La décision américaine de quitter l’UNESCO, si elle a fait grand bruit, n’a pourtant rien d’exceptionnel. Et pourrait fort bien être liée à la nomination d’Audrey Azoulay à la tête de l’institution.
L’Afrique du Sud avait ouvert la voie : en 1956, le gouvernement « blanc » avait quitté l’organisation coupable, à ses yeux, de s’être mêlée de problèmes raciaux internes au pays. Ensuite, pendant une génération, l’UNESCO a œuvré calmement pour rapprocher les peuples grâce au développement de l’éducation, de la science et de la culture, sans distinction de race, de sexe ou de religion, comme l’impose la Charte des Nations unies. En 1984, toutefois, le président Reagan décide, en pleine guerre froide, de se retirer de l’Organisation sous prétexte que celle-ci développe des thèmes de paix qui constituent « les thèmes par excellence de la propagande soviétique ».
Après la chute du rideau de fer, George W. Bush décide de revenir dans l’Organisation car il a besoin de se concilier le maximum de pays avant d’envahir l’Irak. Puis, en 2011, le président Obama – eh oui même lui !– annonce qu’il ne veut plus participer au financement de l’UNESCO protestant ainsi contre le fait que l’Organisation avait admis la Palestine dans ses rangs. 107 voix pour, 14 contre: ce sont les contre qui ont raison ! Fidélité à Israël oblige.

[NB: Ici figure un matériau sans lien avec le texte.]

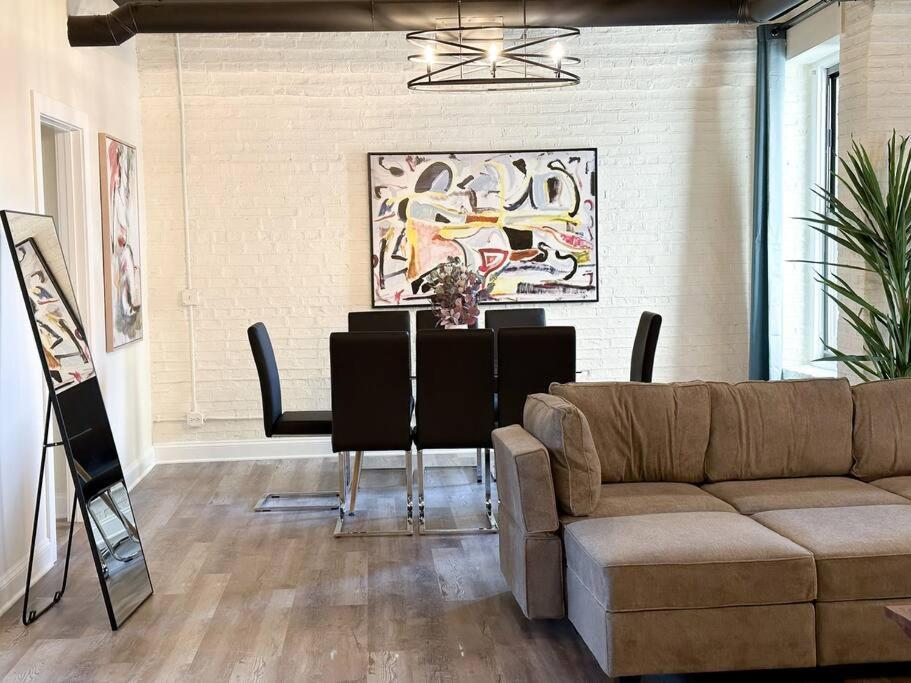 Family And Group Friendly 5br Spacious Unit With Pool Table And Optional Parking Near Mccormick Place And Soldier Field Apartment *
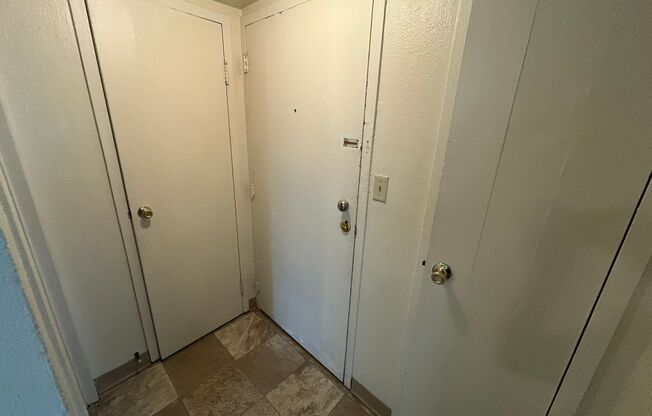 1 bed, 1 bath, $875, Unit 305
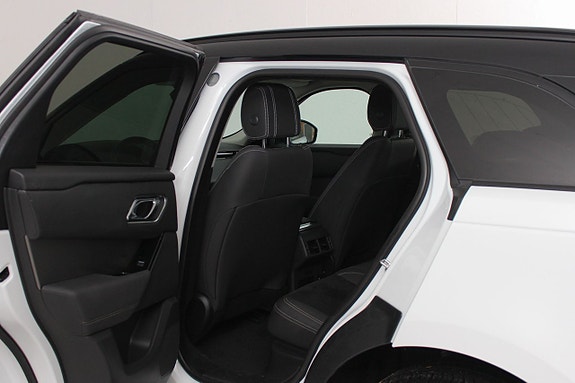Land Rover Range Rover Velar 19 of 27
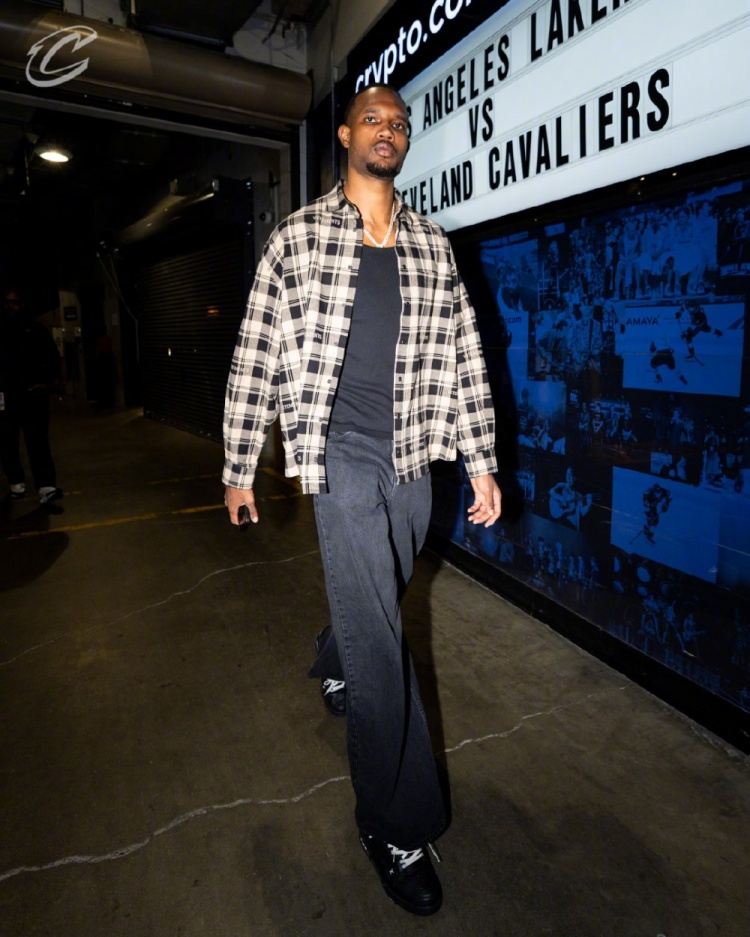 俱乐部世界杯-客战湖人！骑士入场穿搭：哈登蓝白配最亮眼 米切尔简约白配棕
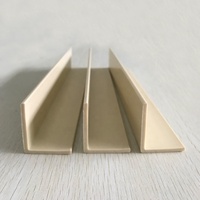 Matériaux de Construction Personnalisés Toutes Formes en Plastique Pvc Coin en L Profil d'Angle Planches d'Angle pour Boîte de Raisin Emballage d'Exportation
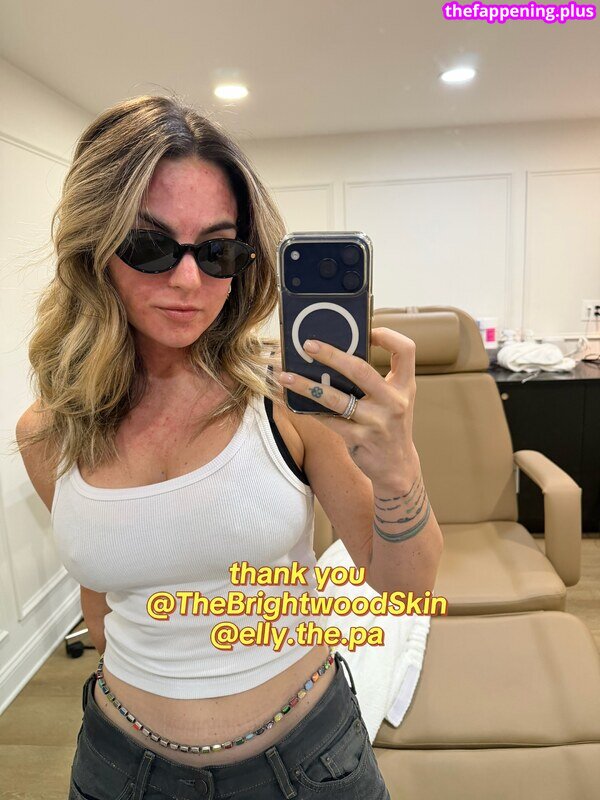 Carleybee leaked private content
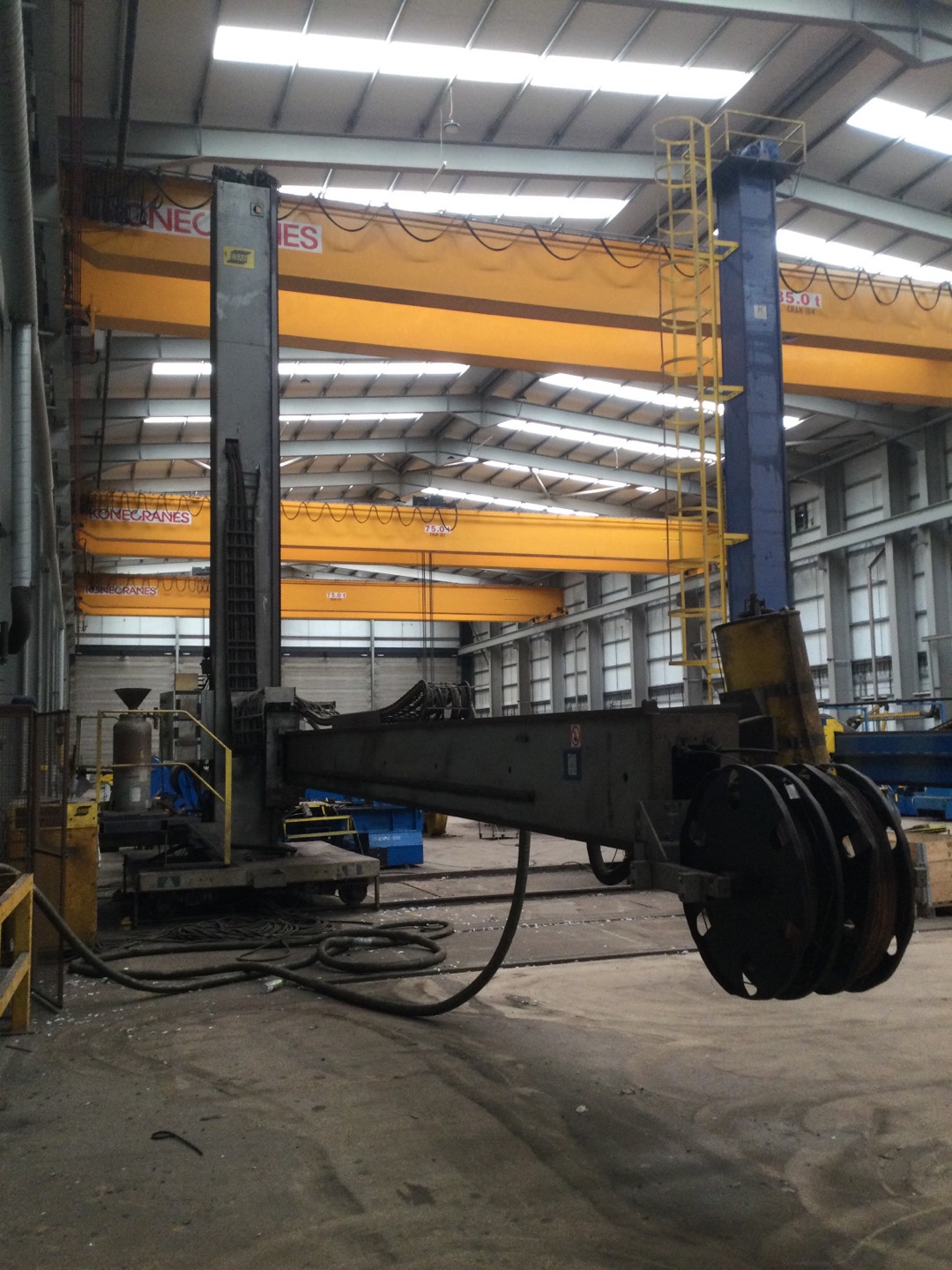 ESAB Colum ; Boom Sub-Arc Welding Plant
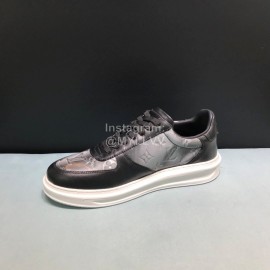 LV Classic Monogram Leather Lace Up Casual Sneakers For Men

Et voici qu’en ce mois d’octobre 2017, Trump et Netanyahou décident de se retirer de l’UNESCO. La raison invoquée est si ridicule qu’on devrait en rire si le sujet n’était pas aussi lourd d’angoisse. Le 7 juillet, le comité du Patrimoine mondial de l’UNESCO a classé la vielle ville d’Hébron, en Palestine, comme site d’une « valeur universelle exceptionnelle ». En Palestine ! Voilà le crime. Où fallait-il situer Hébron ? Pas en Israël puisque cet Etat occupe le territoire mais ne l’a pas (pas encore ?) annexé. Pas en Cisjordanie puisque cet Etat n’existe pas. Alors ? A l’évidence Hébron est en Palestine occupée. Mais Trump et Netanyahou n’en ont cure. Ils ont raison contre le reste du monde.
Coïncidence : ils se retirent juste avant la nomination d’une Française, Audrey Azoulay, à la tête de l’UNESCO. Officiellement tous les deux sont ravis de cette nomination. Mais comment ne pas penser qu’ils auraient eu plus de mal à vilipender l’Organisation et à la quitter s’ils avaient attendu l’arrivée de Madame Azoulay, une juive, comme directrice générale de l’UNESCO ? Aujourd’hui, ils se réjouissent donc. Mais demain ? J’en prends le pari : demain ils vont déchanter.
Audrey Azoulay est une femme de conviction. Elle mettra peut-être plus de forme dans ses propos qu’Irina Bokova, la Bulgare à qui elle succède. Mais elle ne transigera pas sur l’essentiel. Avec elle, l’UNESCO continuera à défendre les opprimés contre les occupants. En Palestine comme ailleurs.
N’en déplaise à Messieurs Netanyahou et Trump.